The three men opposite had ceased their conversation as if at an order. Two or three of the remaining passengers stared curiously, after the manner of their kind (they were small tradesmen, merchants, going on beyond the border to Tucson), as the conductor halted at Annister’s elbow.
“Excuse me, Mister—Mister—” he began.
“—Annister!” The answer was low, even, controlled, but beneath the silken tone there ran a hint of iron.
“Mister Annister,” repeated the conductor. “Will you—just a moment, please?”
Annister rose, following the official outward toward the vestibule. And as he went he could feel those eyes, avid, curious, boring into his back. He permitted himself the ghost of a cold grin as the conductor, turning in the entry, laid a respectful hand upon his sleeve.
“I’m—sorry, sir,” he said, low. “You getting off at Dry Bone, aren’t you?”

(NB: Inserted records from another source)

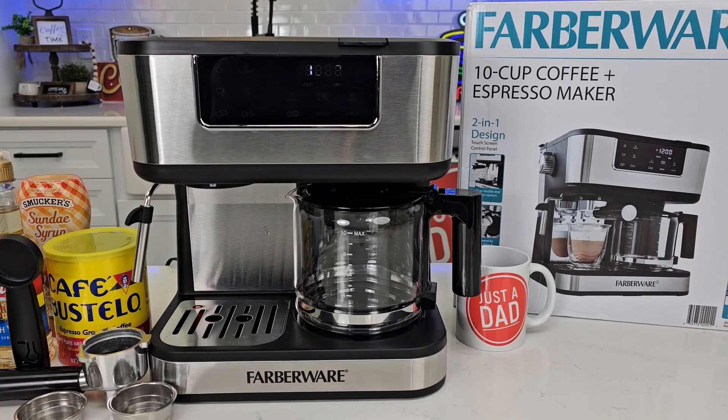Hello everyone, this is Just a Dad. Today I'm going to do a review on this Farberware 10-cup coffee maker and espresso maker all in one. It retails for $150 and is on sale for $130 right now.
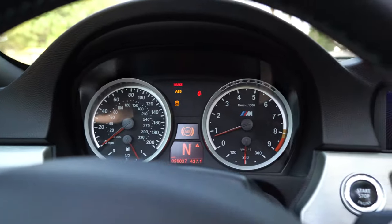Today we're working with a BMW E93. In today's project we're going to try to get rid of the brake, ABS, and traction warning lights.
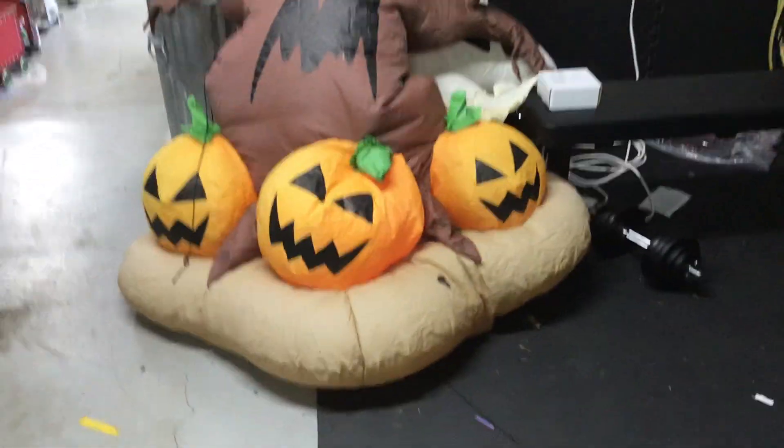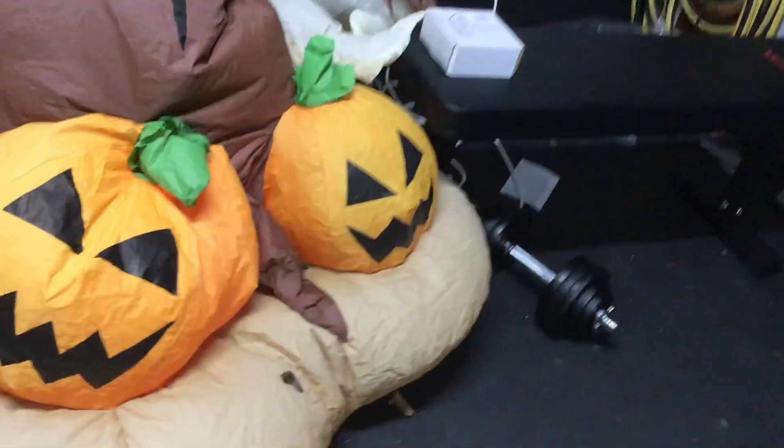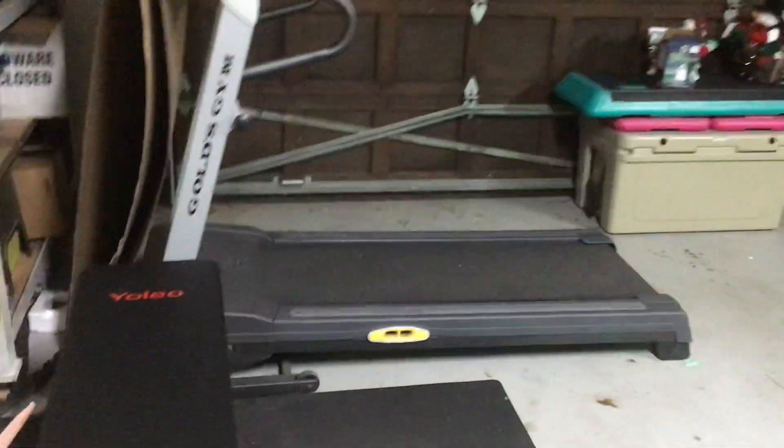This is the eight-foot inflatable Halloween scary tree. It's very worn out — as you can see, there's a ghost. It doesn't want to stand on its own anymore, and it's pretty see-through in a lot of areas, mainly right here.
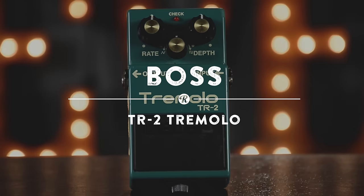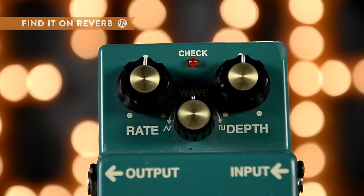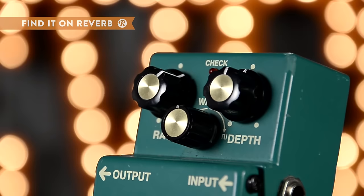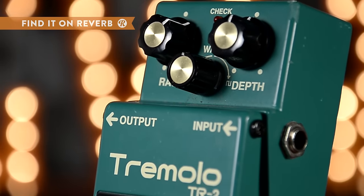The Boss TR2, keeping things simple with three easy turn dials. A sweepable rate knob can take you from ultra-fast to lush and steady on the fly. The wave knob adjusts the LFO from triangle to square, and the depth knob dials in the level of the effect.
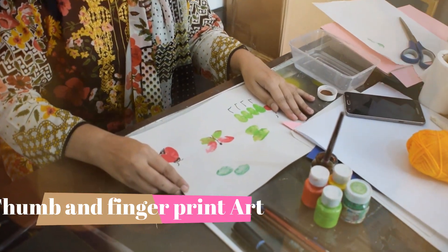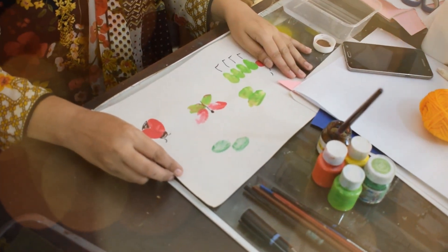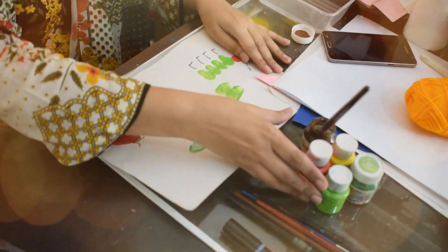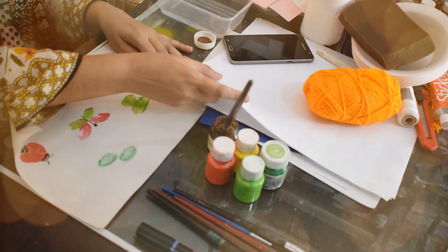We are going to do thumb and finger printing today. And for this we need paints, brushes, marker and paper.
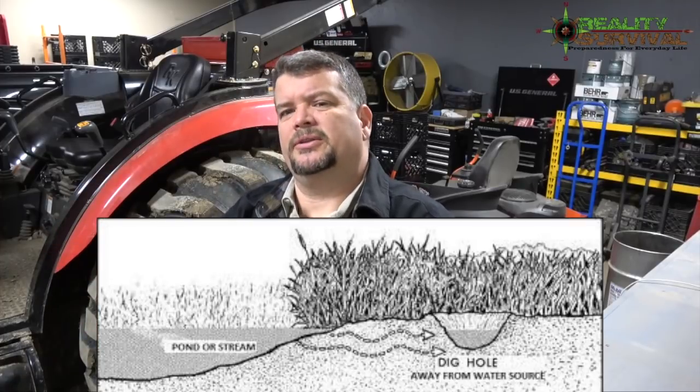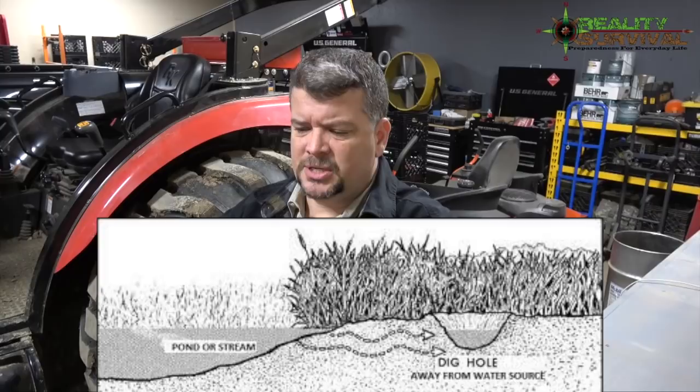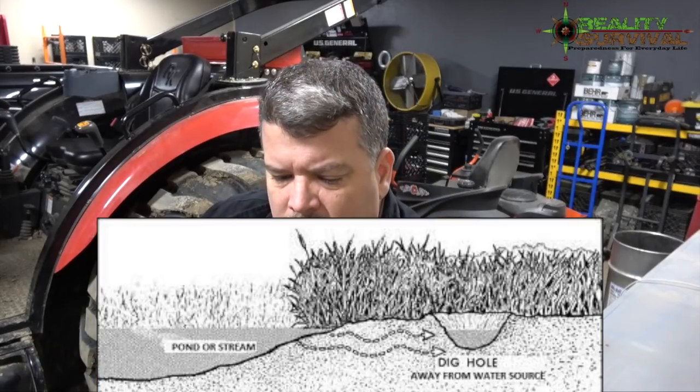The next thing on the list is a seepage well. A seepage well is basically where you go about five feet away from a water source, dig a hole in the ground, and let water fill up to the water table level. Let that water settle for an hour or a couple of hours, then carefully dip the water out. That water should not have any fallout in it because the earth has been filtering it out. Cover the hole with a tarp and pile some dirt around the edges so that when it rains, it doesn't wash water with fallout back into your hole.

The words were less a question than a statement of fact. Annister nodded. The conductor, a tall, bronzed man who might have been an old-time line rider, shot a quick glance over his shoulder. Then he said, his tone even, matter-of-fact:
“I—wouldn’t—if I was you.”
Annister stared. Then, producing his cigar-case, lighting a long, black invincible, the twin to which the conductor had selected, he remarked casually:
“They’re good cigars.... In the trenches we smoked ‘Woodbines’—a cross between tar-heel and alfalfa; you have a lot of alfalfa out here, eh? And the ‘third light,’ as we used to call it, most always got his—three men lighting up from the same match, you know.”